The Natives were participating in what is called a Ghost Dance. They gathered to worship, as we are gathering to worship now. They danced the Ghost Dance to see their dead relatives in the next life. They danced for a renewal of the earth, the return of the buffalo, and so their deceased loved ones would live again. A Paiute prophet by the name of Wovoka said he received a vision that the Great Spirit asked the Native people not to fight each other or the Wasichu, the White Man. “You must not fight. Do right always” he said. He preached this to many tribes, and the Chief’s took this message to their people, and many tribes began participating in this Ghost dance like a wave over the plains.
Many Indian agents misinterpreted this for a war dance, and feared that it signaled an Indian uprising. So it was outlawed. The Sioux were still very bitter from all of the abuse of their people, so they continued the Ghost Dance. Out of fear, the commander of the 7th Cavalry was ordered to disarm the Natives.
A soldier came across a deaf native by the name of Black Coyote and demanded that he give up his gun. But the Native didn’t understand the soldier, so they wrestled over the gun. It mis-fired, which initiated a string of fire from the rest of the Cavalry.
146 men, women, and children were massacred.
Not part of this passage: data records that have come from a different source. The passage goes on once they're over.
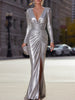 Silver FJØRNA evening dress for women with ruched deep V-neck, elegant design, suitable for formal occasions.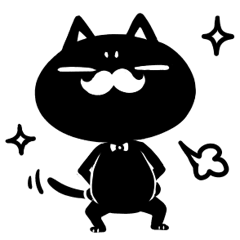 [LINEスタンプ] 白髭黒猫 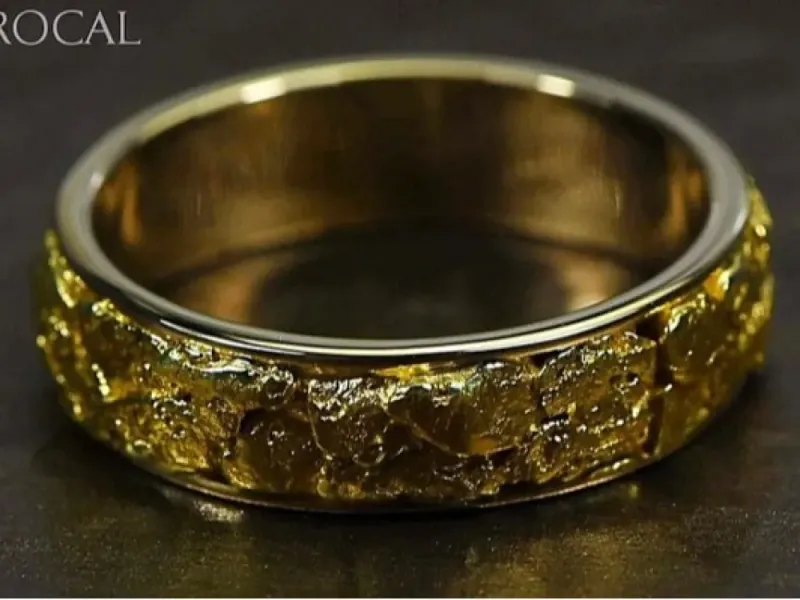 Orocal Natural Gold Nugget Hand Crafted Men's Band Ring -RM6MM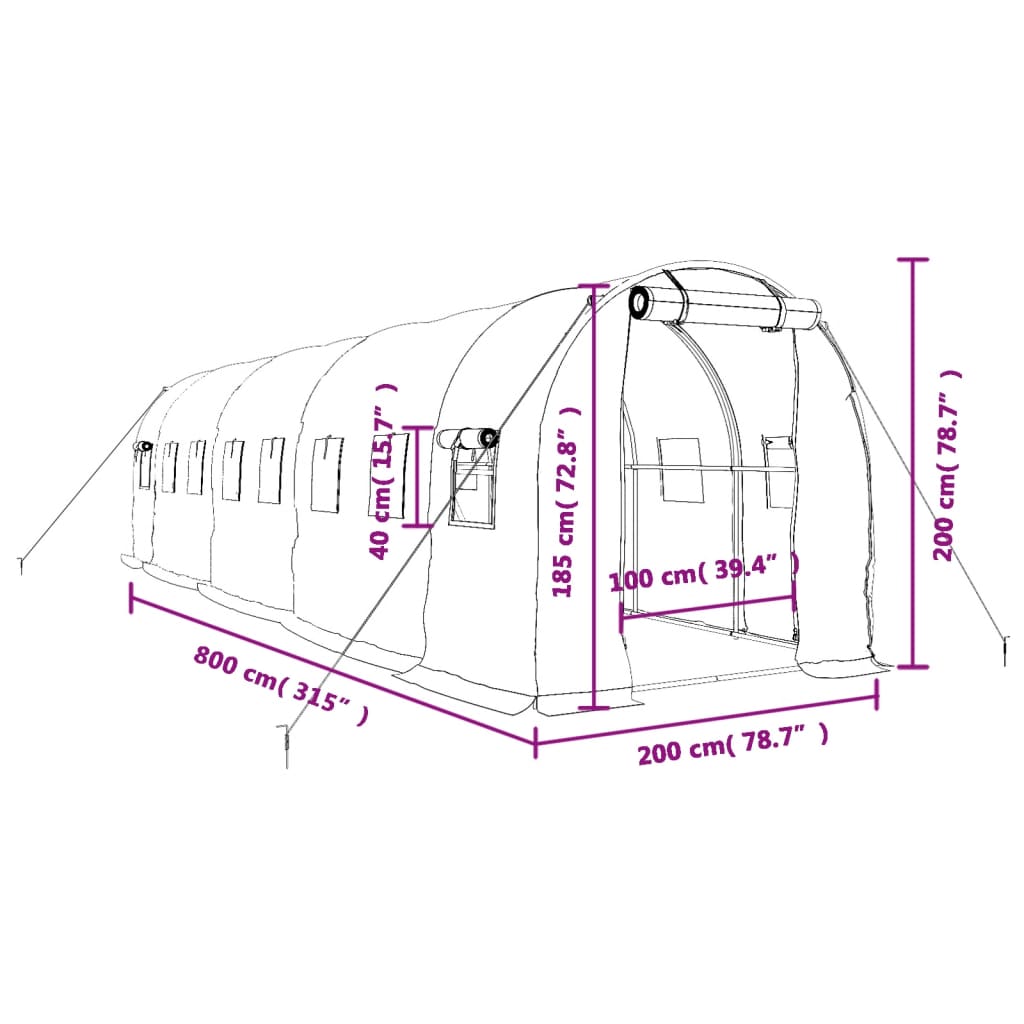 Tuinkas met stalen frame 16 m² 8x2x2 m groen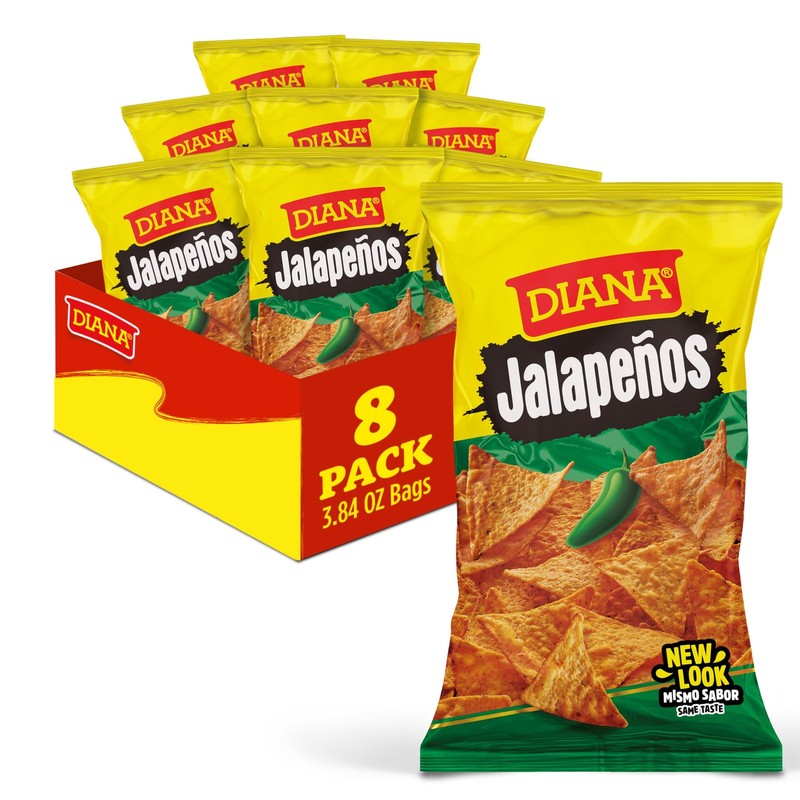 Diana Jalapeños Corn Tortilla Chips, Real Jalapeño Flavor, 3.84 Oz (Pack of 8)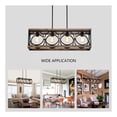 thumbnail image 5 of GDF Studio 4-Light Farmhouse Rectangle Ceiling Light, Chandelier with Adjustable Height, Matte Black, 5 of 8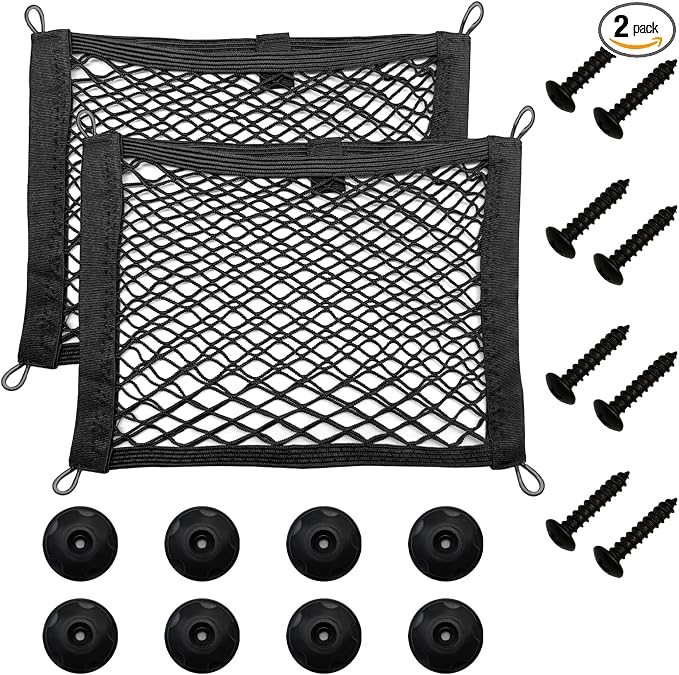 2PCS Double Layer Elastic Cargo Net, 14×10 Inch Small Pocket Stretchable Storage Mesh Net, Automotive Organize Pouch Mesh Net with 8 Mounting Screws and Hooks for Trunk RV SUV Car Boats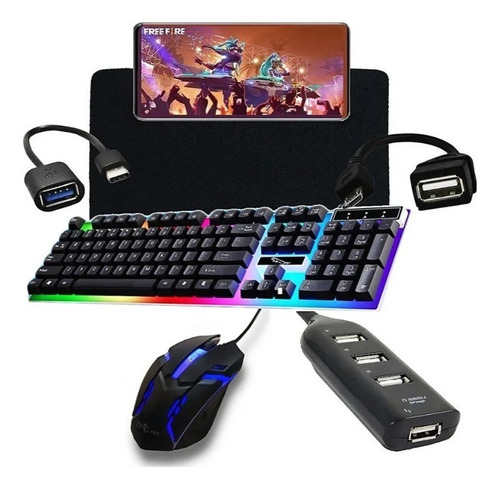 Mobilador Completo Teclado Mouse P/ Tablet Pubg Free Fire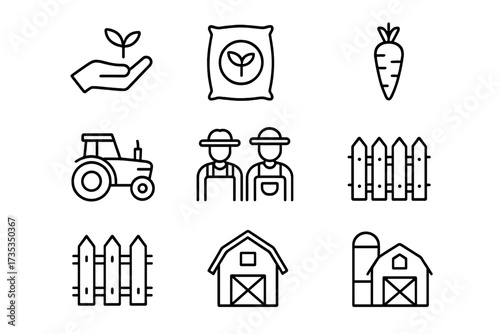 Farming and agriculture line icon set. Vector symbols for organic farm, harvest, and rural life. Includes farmer, tractor, barn, fence, sprout, fertilizer, and vegetables.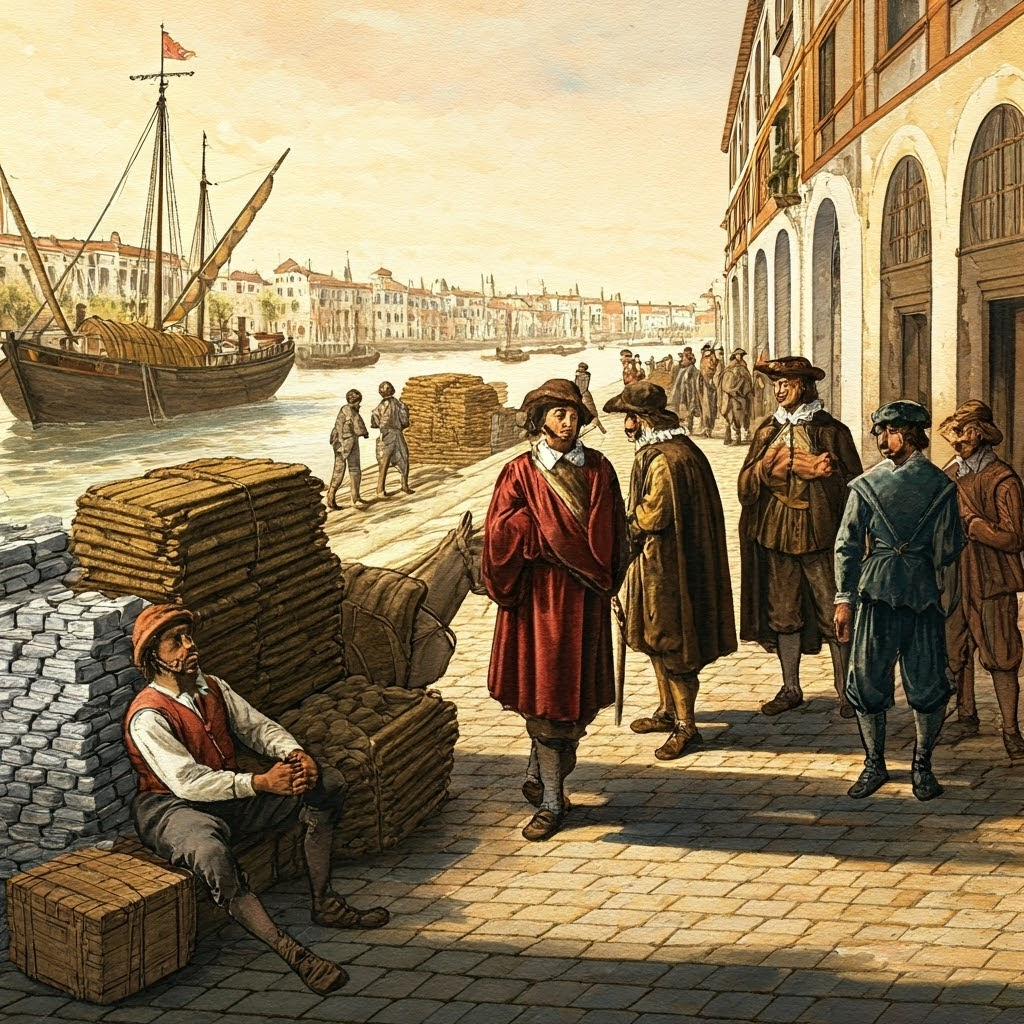 Early morning waterfront with mule driver, Basque sailors, Italian agents, and enslaved Africans moving silver and tobacco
Women and children who were running away from the gunfire were hunted down and killed like animals.
84 men were killed. Your fathers, your husbands, your brothers. 44 women were killed. Your mothers, your wives, your sisters. And 18 children were killed. Your children and your babies.
With that I am reminded of an old Indian quote from Chief Plenty Coups Crow:
“The ground on which we stand is sacred ground. It is the blood of our ancestors.”
We honor the grandmothers, the Disir, the wise women. We honor the grandfathers, the Alfar, the ancient ones
Ancestors, We Honor You!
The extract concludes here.